8-K

 

 

UNITED STATES

SECURITIES AND EXCHANGE COMMISSION

Washington, D.C. 20549

 

 

FORM 8-K

 

 

CURRENT REPORT

Pursuant to Section 13 OR 15(d)

of The Securities Exchange Act of 1934

January 4, 2017

Date of Report (Date of earliest event reported)

 

 

 

LOGO

HELIX ENERGY SOLUTIONS GROUP, INC.

(Exact name of registrant as specified in its charter)

 

 

 

Minnesota   001-32936   95-3409686

(State or other jurisdiction

of incorporation)

 

(Commission

File Number)

 

(IRS Employer

Identification No.)

3505 West Sam Houston Parkway North

Suite 400

Houston, Texas

  77043
(Address of principal executive offices)   (Zip Code)

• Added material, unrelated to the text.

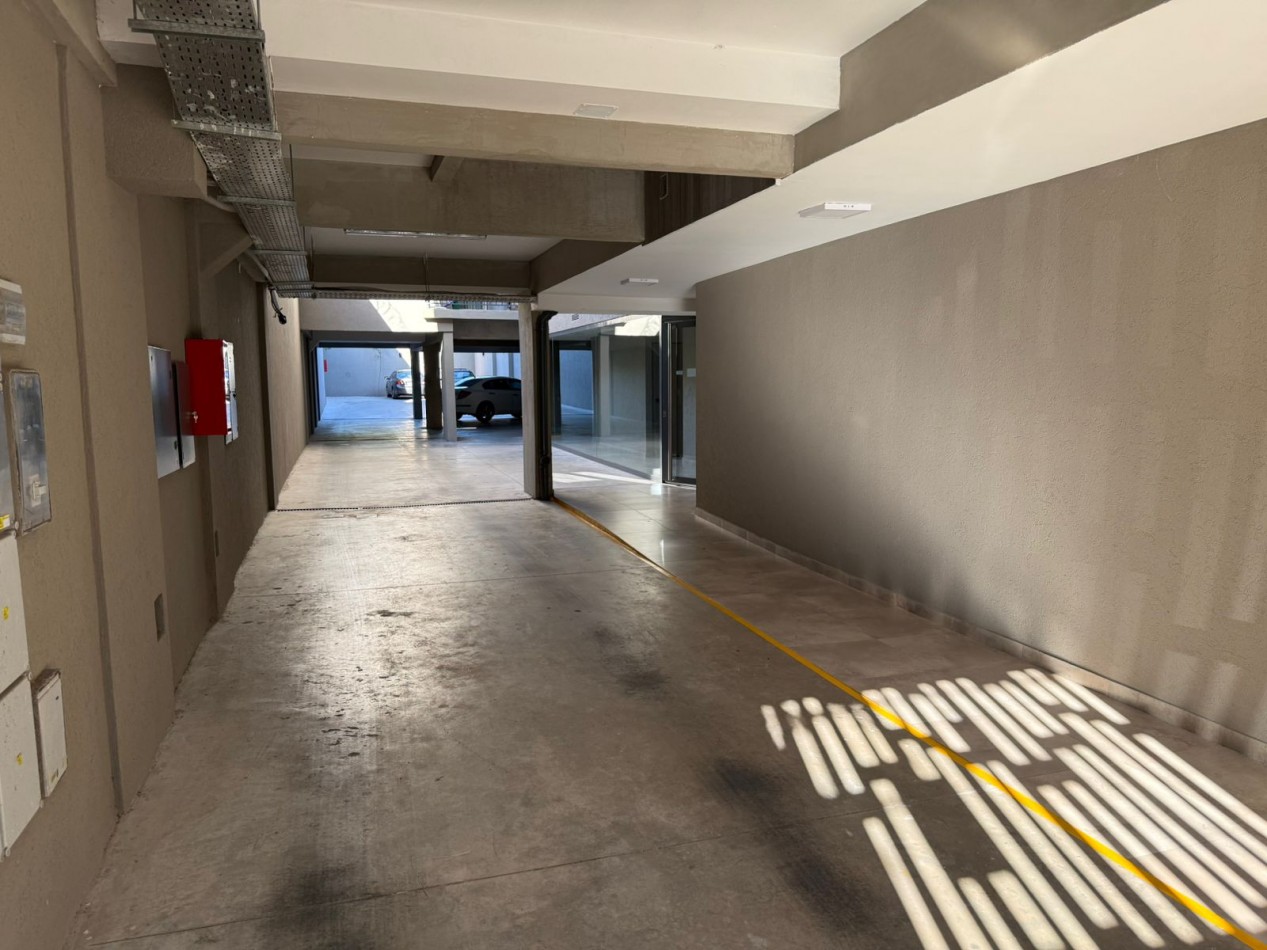 DEPTO 2 AMB CON BALCON CONTRAFRENTE (SIN EXPENSAS) REF. 898/3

Registrant’s telephone number, including area code: 281-618-0400

N/A

(Former name or former address, if changed since last report.)

 

 

Check the appropriate box below if the Form 8-K filing is intended to simultaneously satisfy the filing obligation of the registrant under any of the following provisions:

 

Written communications pursuant to Rule 425 under the Securities Act (17 CFR 230.425)

 

Soliciting material pursuant to Rule 14a-12 under the Exchange Act (17 CFR 240.14a-12)

 

Pre-commencement communications pursuant to Rule 14d-2(b) under the Exchange Act (17 CFR 240.14d-2(b))

 

Pre-commencement communications pursuant to Rule 13e-4(c) under the Exchange Act (17 CFR 240.13e-4(c))

 

 

 


Item 8.01 Other Events

The following provides information with respect to certain recent developments of Helix Energy Solutions Group, Inc. (the “Company”). Unless otherwise expressly stated or the context otherwise requires, “we,” “us” and “our” refer to the Company and its Subsidiaries.

Goodwill

We currently have on our balance sheet $45.1 million of goodwill associated with the acquisition in 2002 of Canyon Offshore, Inc., our principal robotics subsidiary. We are required by United States Generally Accepted Accounting Principles to perform an annual impairment analysis of goodwill. Due to the severe and prolonged downturn in the offshore oil and gas industry, we currently expect to record an impairment of goodwill, up to the full $45.1 million, in the fourth quarter of 2016. The impairment charge would be a non-cash charge that does not affect our EBITDA, cash position, financial standing, or bank covenant compliance.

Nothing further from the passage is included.